Após renegociações efetuadas entre 2005, quando ocorreu a rejeição do projeto de Constituição, e 2007 foram abandonadas em virtude de idéias mais operativas e, portanto, menos ousadas. Eliminaram-se - para não pensarem que a União Européia tinha virado apenas um só ente - referências a hino, bandeira e moeda. Substituiu-se a expressão concorrência livre por “a União Européia contribuir para a proteção dos seus cidadãos” na busca do equilíbrio entre iniciativa privada e previdência social.
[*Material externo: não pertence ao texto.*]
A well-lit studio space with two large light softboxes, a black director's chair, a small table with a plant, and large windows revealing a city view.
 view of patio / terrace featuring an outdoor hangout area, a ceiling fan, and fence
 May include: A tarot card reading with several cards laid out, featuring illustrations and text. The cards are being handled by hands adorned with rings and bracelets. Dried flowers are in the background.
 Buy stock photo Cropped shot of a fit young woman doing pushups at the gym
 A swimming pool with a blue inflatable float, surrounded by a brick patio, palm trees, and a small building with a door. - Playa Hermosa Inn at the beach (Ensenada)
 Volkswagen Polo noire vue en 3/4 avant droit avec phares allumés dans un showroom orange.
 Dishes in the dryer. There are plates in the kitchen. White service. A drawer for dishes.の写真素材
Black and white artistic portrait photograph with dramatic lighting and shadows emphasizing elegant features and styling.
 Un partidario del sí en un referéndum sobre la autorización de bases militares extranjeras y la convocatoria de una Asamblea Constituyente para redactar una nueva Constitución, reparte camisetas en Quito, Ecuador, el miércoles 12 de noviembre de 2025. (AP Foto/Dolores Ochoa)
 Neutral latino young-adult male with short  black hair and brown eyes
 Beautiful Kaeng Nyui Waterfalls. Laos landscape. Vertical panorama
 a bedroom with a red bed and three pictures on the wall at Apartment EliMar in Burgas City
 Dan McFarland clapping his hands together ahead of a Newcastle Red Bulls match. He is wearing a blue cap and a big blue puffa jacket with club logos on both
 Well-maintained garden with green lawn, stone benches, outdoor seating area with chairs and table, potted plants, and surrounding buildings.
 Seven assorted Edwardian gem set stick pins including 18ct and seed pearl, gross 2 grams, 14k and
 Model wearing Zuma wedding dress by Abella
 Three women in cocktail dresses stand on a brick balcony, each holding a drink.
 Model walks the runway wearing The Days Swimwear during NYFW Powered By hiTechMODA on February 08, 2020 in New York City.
O Acordo aprovado recentemente pelos Chefes de Estados em reunião em Portugal, sob o nome de Tratado de Lisboa, por ter sido essa cidade a sede do encontro, precisará de ratificação de todos os Parlamentos europeus, salvo a Irlanda que antecipadamente optou por fazê-lo por consulta popular, para entrar em vigor em 2009, quando se escolherá o primeiro Presidente propriamente dito, por eleição indireta parlamentar, o qual nomeará o encarregado das Relações Exteriores da União Européia, com menos poderes que um Ministro e mais poderes que o atual Comissário, o que configura - friso mais uma vez - o modelo mais próximo de uma confederação do que uma federação.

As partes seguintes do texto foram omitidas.